Russian-American journalist and The New Yorker staff writer Masha Gessen is known for his sharp criticism of political figures such as Donald Trump. The renowned author of the internationally popular books such as The Man Without a Face and The Future Is History, he identifies as nonbinary and trans.
Alexander Berkman was a Russian-American anarchist and author. He was famous for both his political activism and his writing and was a leading member of the anarchist movement in the early 20th century. He served as the editor of fellow anarchist Emma Goldman's anarchist journal, Mother Earth. He suffered from ill-health in his later years and died by suicide.
Vladimir Bukovsky was a Russian-born British writer and human rights activist. An important member of the Soviet dissident movement, Bukovsky spent 12 years in prisons, psychiatric prison-hospitals, and labor camps of the Soviet Union. A neurophysiologist, Bukovsky is celebrated for his efforts to expose Soviet Union's political abuse of psychiatry. In 2001, he was awarded the Truman-Reagan Medal of Freedom.
Legendary Russian author Leo Tolstoy was one of the greatest novelists of the world. Best known for his realistic fiction and cult novels such as War and Peace and Anna Karenina, he had also penned plays such as The Power of Darkness and was nominated for the Nobel Prize multiple times.
Russian author and journalist, Vasily Grossman, by training a chemical engineer, began writing fulltime at the age of twenty-five, eventually publishing several short stories and novels, including Life and Fate and Forever Flowing. Considered a threat, these works were later censured. A war correspondent during WWII, he was also one of the first journalists to write on Treblinka extermination camp.
Alexander Herzen was a Russian thinker and writer. Regarded as the father of Russian socialism, Herzen played an influential role in the political set up of the 19th and 20th century. He also influenced personalities like Isaiah Berlin, who regarded Herzen as his hero. Herzen's book My Past and Thoughts is considered one of the best autobiographies in Russian literature.
Best known as the coauthor of a collection of works, entitled Mitrokhin Archives, Vasily Nikitich Mitrokhin was the First Chief Directorate of the KGB before his defection to the United Kingdom. The 25,000 pages of files he had handed over became the basis of these books, the most significant of them being The KGB in Europe and the West.
Lyubov Dostoevskaya was a Russian memoirist and writer. The daughter of popular Russian novelist Fyodor Dostoevsky and his wife Anna Grigoryevna Snitkina, Lyubov Dostoevskaya is best remembered for her work, Dostoyevsky as Portrayed by His Daughter. Many of her memoirs, which were written in French, were translated into other European languages.
Anna Vyrubova was a Russian writer and lady-in-waiting of the Imperial Russian Court at the time when Tsarina Alexandra Fyodorovna served as the empress consort of Emperor Nicholas II. A confidante and best friend of Tsarina Alexandra Fyodorovna, Vyrubova enjoyed her position at the court. She also played a key role in popularizing Grigori Rasputin in the Imperial Russian Court.

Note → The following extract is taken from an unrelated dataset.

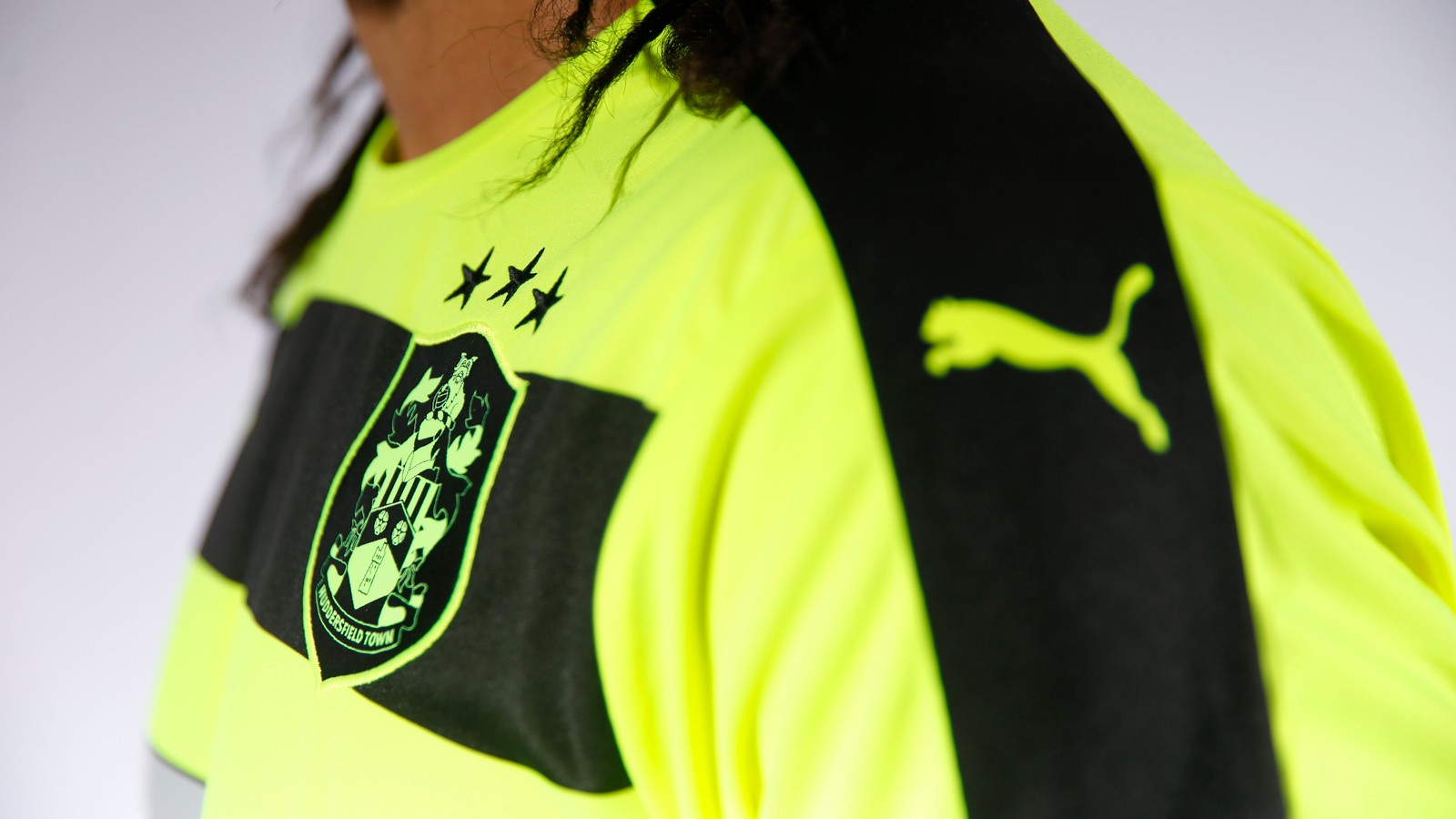 Huddersfield Town 2016-17 Away Kit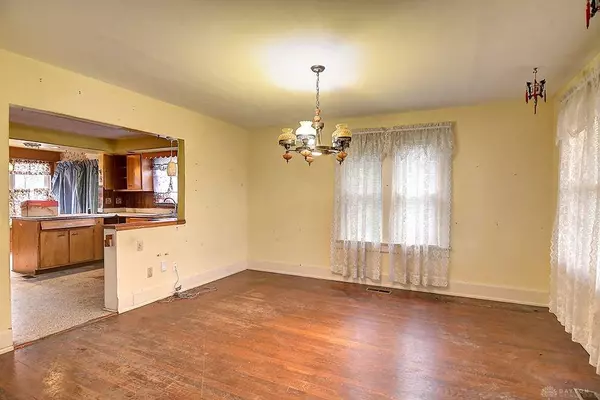 3208 Zephyr Drive, Dayton, OH 45414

Anna Larina was a Russian memoirist best remembered for her efforts to rehabilitate her husband Nikolai Ivanovich Bukharin after he was executed in 1938. Fifty years after his death, Bukharin was cleared of all charges, thanks to Larina's persistent effort. Anna Larina is credited with writing the popular memoir This I Cannot Forget.
Rufina Pukhova was a Russian memoirist who wrote two memoirs about her husband Kim Philby, a British double agent for the Soviet Union. Pukhova is credited with helping Philby fight depression and alcoholism after his defection. After his controversial death in 1988, she vehemently denied rumors of suicide and maintained that he died of a heart condition.
Formerly the head of Logic Department of Moscow University, Soviet philosopher Alexander Zinoviev first came to limelight with his 1960 publication, Philosophical Problems of Many-Valued Logic, and later for his satirical novel, The Yawning Heights. Exiled from his country in 1978, he lived in Munich until his return to Russia in 1999, meanwhile producing numerous seminal fictional and nonfictional works.
Lev Kopelev was a Soviet dissident and author. Apart from contributing to publications like Komsomolskaya Pravda, Kopelev also participated in the dissident and human rights movement. He also served at the University of Wuppertal as a professor. Although he was rebuked for his political activism, Lev Kopelev received several international awards throughout his life.
Kronid Lyubarsky was a Russian human rights activist, journalist, dissident, and political prisoner. Also an astrophysicist, Lyubarsky wrote many books on astrobiology. He is also credited with translating many scientific works into Russian. Lyubarsky became an important figure of the civil rights movement in the mid-1960s. Kronid Lyubarsky went on to co-author the present Constitution of the Russian Federation.